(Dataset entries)

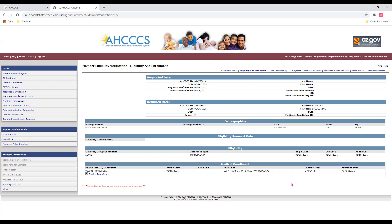To summarize, by looking at the begin and end dates in the eligibility and medical enrollment fields, we can see if a member is currently enrolled and eligible for ACCESS services. We can also determine the member's health plan to indicate where we need to submit a claim. I hope this tutorial has been helpful for you. Thank you so much for joining me today, and have a great day.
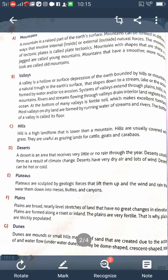The next landform is desert. A desert is an area that receives very little or no rain throughout the year. Deserts usually form as a result of climate change. Deserts have very dry air and a lot of winds. Deserts can be hot or cold.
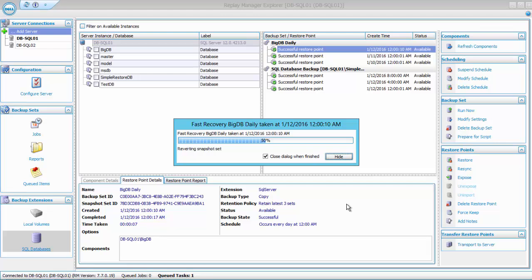The Resync feature is a metadata operation that replaces the original LUNs with those from our restore points, so the operation is extremely fast when compared to a restore regardless of database size. Keep in mind however that the Resync will replace all LUNs that the backup set resides on. You need to use caution when using this option to make sure that the LUNs that are part of this backup set do not contain other databases or files, as those will be recovered as well.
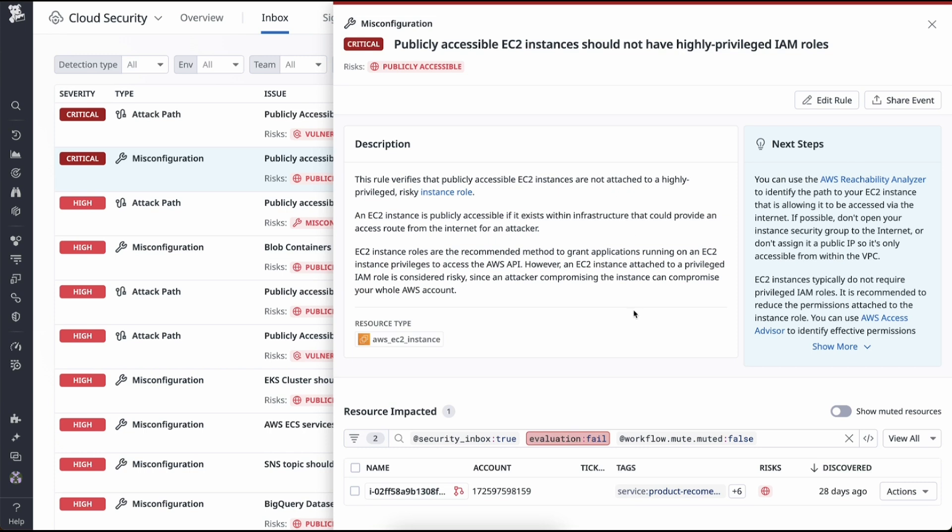With the description in the issue, it provides context surrounding why this is important for your team to review and how it's impacting your environment. Further context can be leveraged to understand whether this is truly urgent.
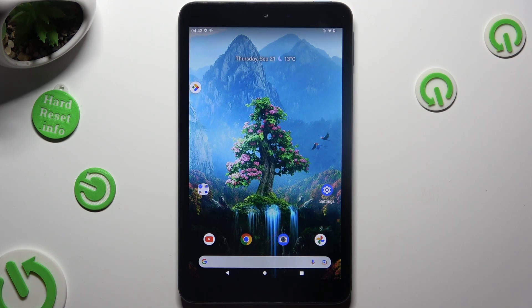Hi, in front of me is Nokia T10 and today I would like to show you how you can use split screen view.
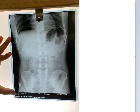Hello friends, welcome to a new lecture today. In this lecture, I am going to explain one more x-ray in surgery.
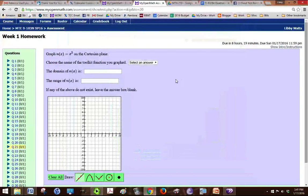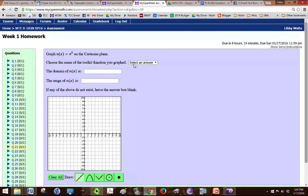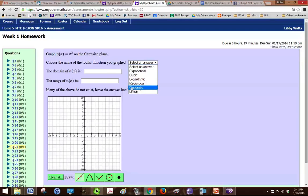Okay, so we need to graph n of x equals x squared on the Cartesian plane, and we're going to choose the name of the toolkit function. x squared is called a quadratic function.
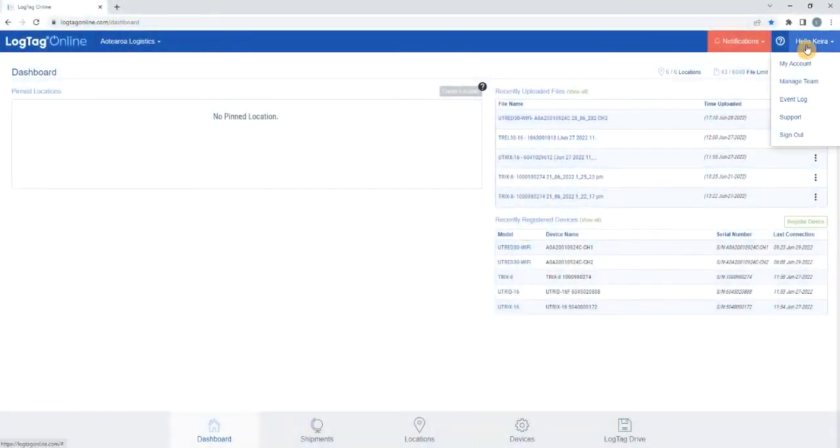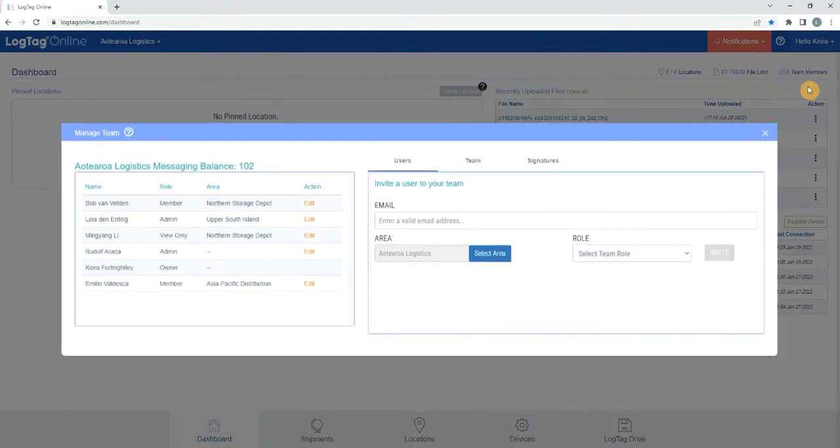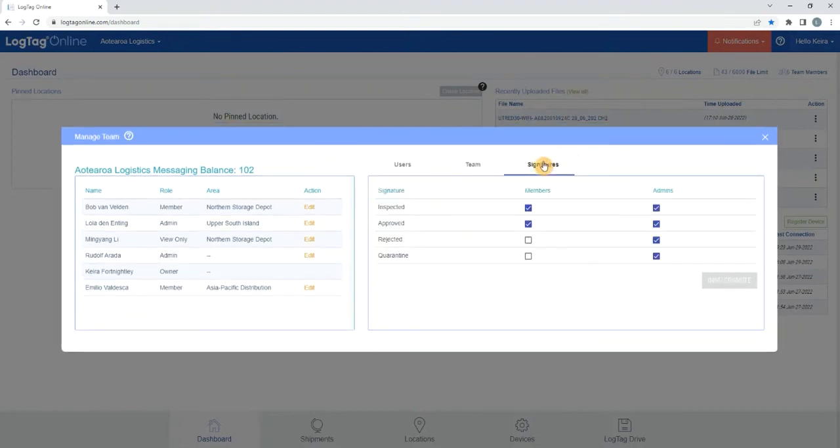Navigate to the drop-down menu in the top right corner of your screen. Select Manage Team. This will load a pop-up allowing you to manage your team. Select Signatures. Here you will see a list of different types of signatures that can be applied to files and shipments.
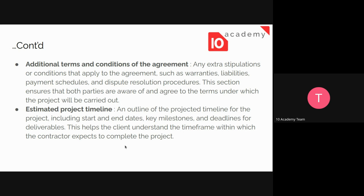Additional terms and conditions are very important. We also need to estimate the project timeline — outline the projected timelines, include the start and end dates, the milestones, and the deadlines for deliverables. That will help the client understand the timeframe within which the contractor expects to complete the project and give the client a big picture of what we, as contractor or consultant, are able to achieve.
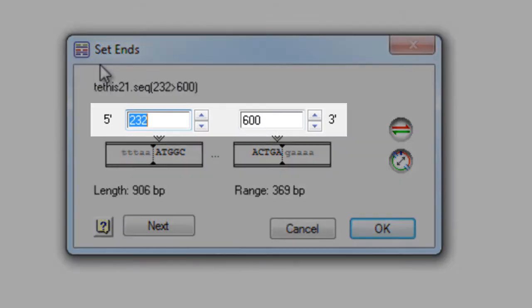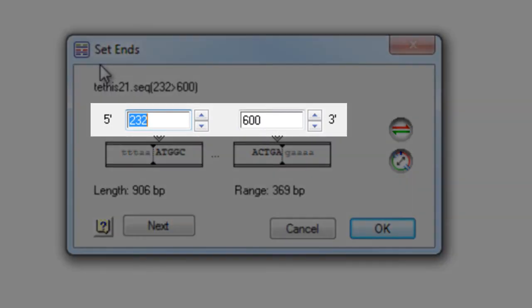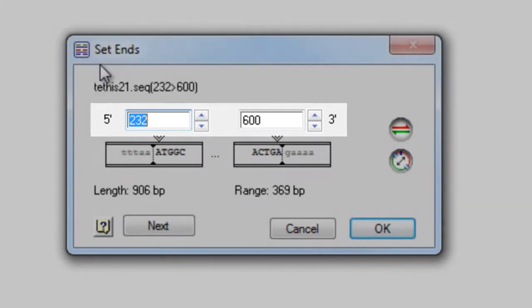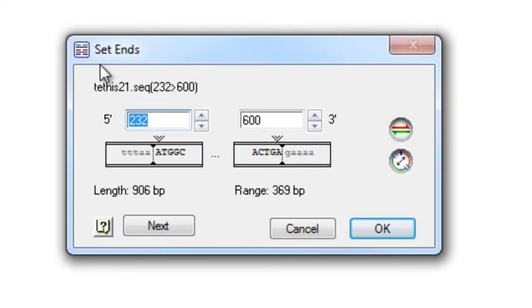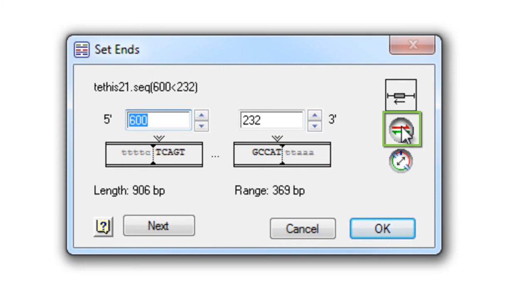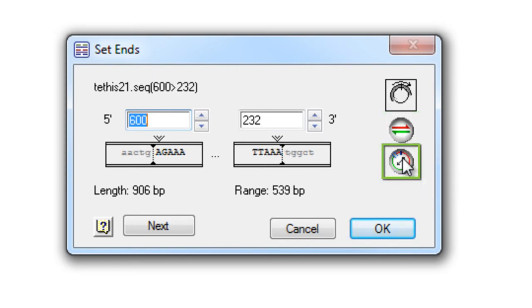In this dialog, you can type in the 5' and 3' coordinates you want to use for the sequence ends. Here, you can also elect to use the reverse complement of the sequence, or the inverse sequence, which is useful for circular sequences where the range crosses the origin of replication.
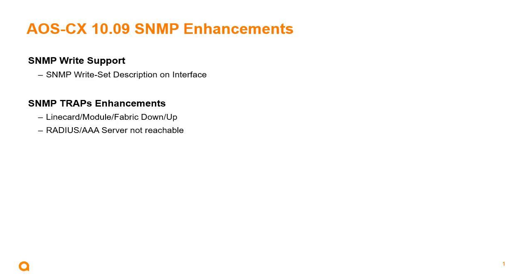now set a description on an interface with the SNMP set command or any other network management platform that could change the description of an interface via an SNMP write command. We also have two new traps.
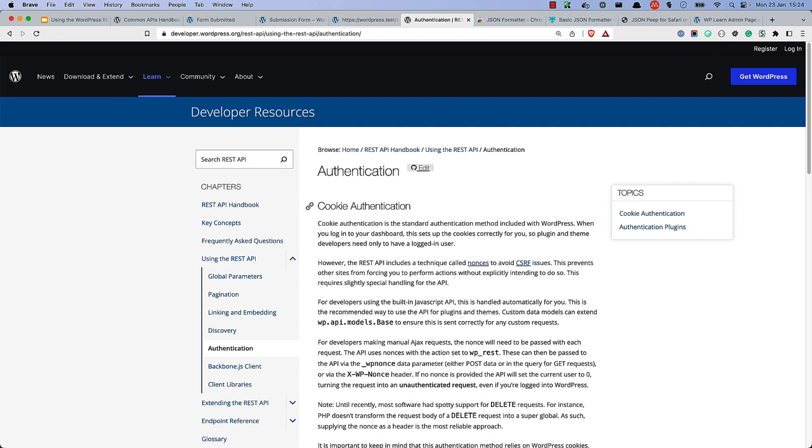However, it's also possible to use application passwords, JSON web tokens, and OAuth 1.0 to authenticate requests. We will cover these authentication methods in a future tutorial.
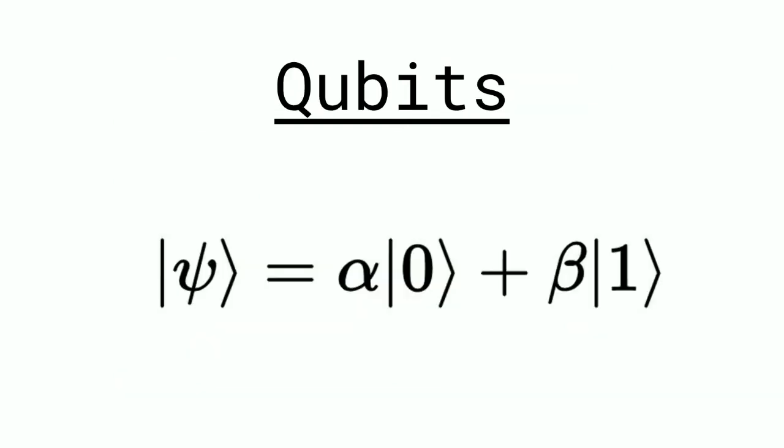What a qubit is, is it's similar to a bit, except for the fact that it can be in superposition. That is to say, it can be in multiple states at once. It can be either a zero or a one at the same time in parallel universes.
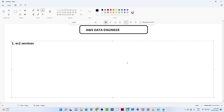Hello everyone, we will continue with the AWS Data Engineering playlist. We are going to start with the EC2 services. From a data engineer's perspective, we will try to cover each and every service, and we are going to start with EC2.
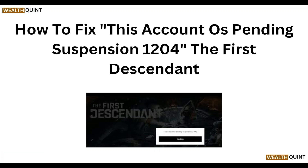Hello everyone, welcome to our YouTube channel. In this video we will guide you through the process of how to fix the 'This account was pending suspension 1204' error in The First Descendant.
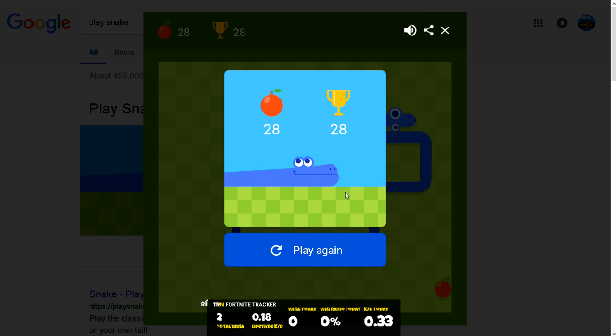So, yeah. That's going to be the end of this video. Thank you for watching. Please leave a like and subscribe for more Snake. See ya!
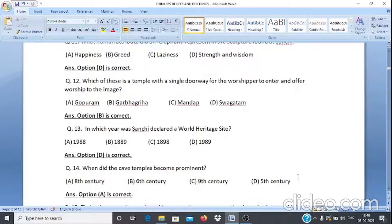Question 13: In which year was Sanchi declared a World Heritage Site? A. 1988, B. 1889, C. 1898, D. 1989. The answer is option D, 1989.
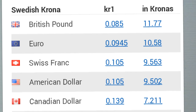One British pound equals 11.77 Swedish kronas. One euro equals 10.58 kronas. One Swiss franc equals 9.56 kronas. One American dollar equals 9.50 kronas. One Canadian dollar equals 7.21 kronas.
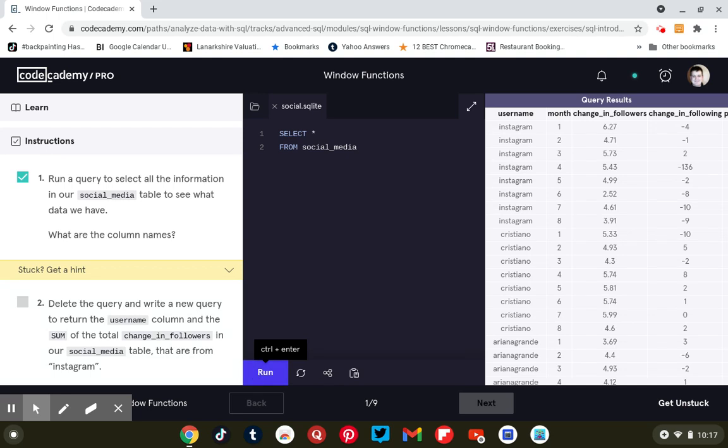Okay, delete the query and write a new query to select the username column and the sum of total change in the followers that are from Instagram.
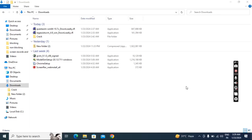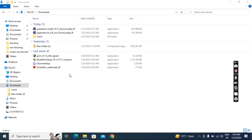In this lecture we'll see the ModelSim tool simulator installation process. Before installation, first we have to download the ModelSim tool. In my system I already downloaded it, and actually I already installed it, but to show you I will install it again.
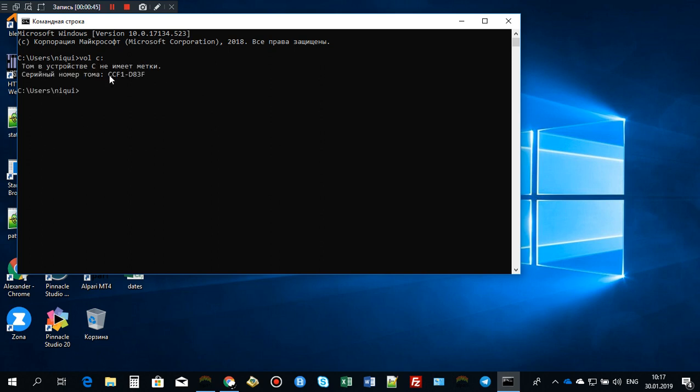And this number is your VSN, volume serial number. Hope you like this video, goodbye.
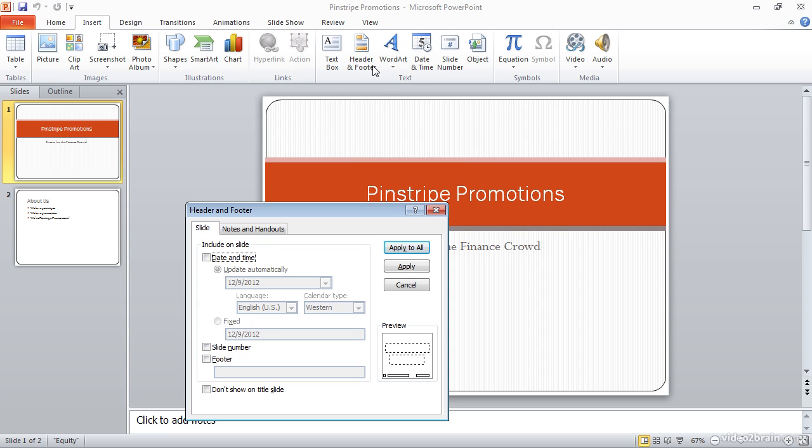That will bring up the header and footer dialog, and we can see the information that we're able to add to our slide pages. I can add date and time information, for example, and if I do so, I can choose whether I want that date to automatically update based on the current date, or if I want it to be fixed.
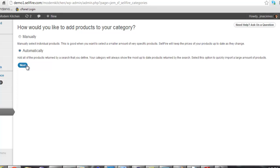Automatically populated categories are great for quickly adding a lot of products. Also, as new products that match your criteria are added by the merchant, they will automatically appear in your category. For this demonstration, let's create an automatically populated category.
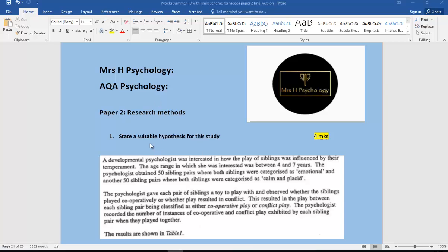So here is the question. It is state a suitable hypothesis for this study. We give you this term here so you can pause the video and have a look at that. The thing to note here is that the developmental psychologist was interested in how play of siblings was influenced by their temperament. Remember our hypothesis is a prediction of a specific outcome. So this is important to pick up on.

*Task statement*: Without the pictures, repeat exactly the lines running from the line containing "Automatically populated categories" through the end of the data, both ends included.

*Answer box*:
Automatically populated categories are great for quickly adding a lot of products. Also, as new products that match your criteria are added by the merchant, they will automatically appear in your category. For this demonstration, let's create an automatically populated category.
So here is the question. It is state a suitable hypothesis for this study. We give you this term here so you can pause the video and have a look at that. The thing to note here is that the developmental psychologist was interested in how play of siblings was influenced by their temperament. Remember our hypothesis is a prediction of a specific outcome. So this is important to pick up on.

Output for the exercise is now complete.